Sermons

Summary: The power of God’s word

DECLARING CHRIST’S POWER

2 Corinthians 5:11-21

The old farmer decided it was finally time to bring his family into the big city. They loaded up the old truck and rumbled into the swank downtown shopping district. Upon entering a huge department store, they could not believe their eyes. Soon, Ma was off checking out the latest in household goods. Pa and the boys, meanwhile, found themselves on the other side of the store, standing puzzled before a set of doors that kept opening and closing. People would walk through the open doors. The doors would close. A bit later, the doors would open and out walked some more people. As they watched, they noticed this older woman, gray-haired and humped over, stepping into the open doors, which quickly closed behind her. In a few short moments, the same doors opened and out stepped this young, gorgeous blonde. “Wow,” Junior exclaimed, “What kind of machine is that Pa?” Pa stroked his beard and replied, “I don’t know, son, but hurry up, go fetch your Ma!” Poor Pa thought he had found the most amazing machine that possessed the power of personal transformation. We all sort of wish it could be that easy, don’t we? Unfortunately, it was just an elevator. An elevator can help you change your location, but you walk out the same person who walked in. I wonder if any of you who walked in here today expect to walk out a different person. Where can we find the power that is able to produce a real and true transformation of our lives today?
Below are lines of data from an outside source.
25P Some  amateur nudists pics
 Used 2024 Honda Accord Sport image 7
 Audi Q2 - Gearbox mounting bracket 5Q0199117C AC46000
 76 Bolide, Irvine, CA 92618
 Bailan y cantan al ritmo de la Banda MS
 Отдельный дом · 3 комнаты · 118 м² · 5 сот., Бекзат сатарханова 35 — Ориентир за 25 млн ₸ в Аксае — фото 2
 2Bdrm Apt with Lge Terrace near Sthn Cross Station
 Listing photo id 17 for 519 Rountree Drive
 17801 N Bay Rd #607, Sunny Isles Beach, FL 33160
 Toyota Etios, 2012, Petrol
Today’s Scripture makes some rather hard to believe claims regarding this whole theme of life makeover. Verse 17 says, “If anyone is in Christ, he is a new creation; the old has gone, the new has come!” Any type of change requires that the old must go and something new must take its place. The power that changes must possess the power to remove the old and bring in the new. This becomes even more difficult when it comes to personal change. The old has become engrained in us. Our past cannot

be undone. We are who we have become a product of everything that we have done and everything that has been done to us. Though you would very much like to change, and no doubt have made multiple attempts at change, you’ve learned just how difficult change really is. The old doesn’t want to go and the new always seems out of your reach. Indeed, the power to transform must be a very powerful power! The power of Christ is able to bring about a real and true change. Three ways that power that can be found.

1. Christ’s Power of Complete Forgiveness.

Real change must deal with the reality of sin and the effects of that sin upon our lives. This is the “old” that must go. There is no moving forward into the “new” until we experience the forgiveness of the “old.” That forgiveness must be thorough and complete. The old hymn writer asked, “What can wash away my sin? Nothing but the blood of Jesus.”

None of us fully comprehend how grievous our sin is, especially while we are committing it. The agony is that once we’ve committed it, we cannot un-commit it. In fact, more often than not, sin gains a hold in our lives and we can’t stop committing it. Yet, the most grievous consequence of our sin is not that we ultimately end up regretting the pain and suffering it causes. The most grievous consequence of our sin is that it separates us from God and the good things of God. There is nothing we can do from our side that can end this separation. The old gets old, yet we cannot seem to escape its hold on our soul.

We declare Christ’s name today because Christ has done something about what we could not do for ourselves. Vs. 19 says, “Reconciling the world to himself in Christ, not counting men’s sins against them.” It’s important that you understand just what Christ’s power did for you in this regard. Vs. 21, “God made him who had no sin to be sin for us.” We focus on the cross of Christ because the death He died there was linked to our sin. Vs. 14 “we are convinced that one died for all and therefore all died.”

Romans 6:23 says there is a “wage death” brought on by our sin. The death of Jesus upon a Cross possesses such power because that “wage death”—the sacrificial death of God, the Son—provides a cleansing for the sin of the world. That includes every sin that you have committed and every sin that has been committed against you. There is a unique power in the cross of Christ that is able to bring about the complete forgiveness that you long for.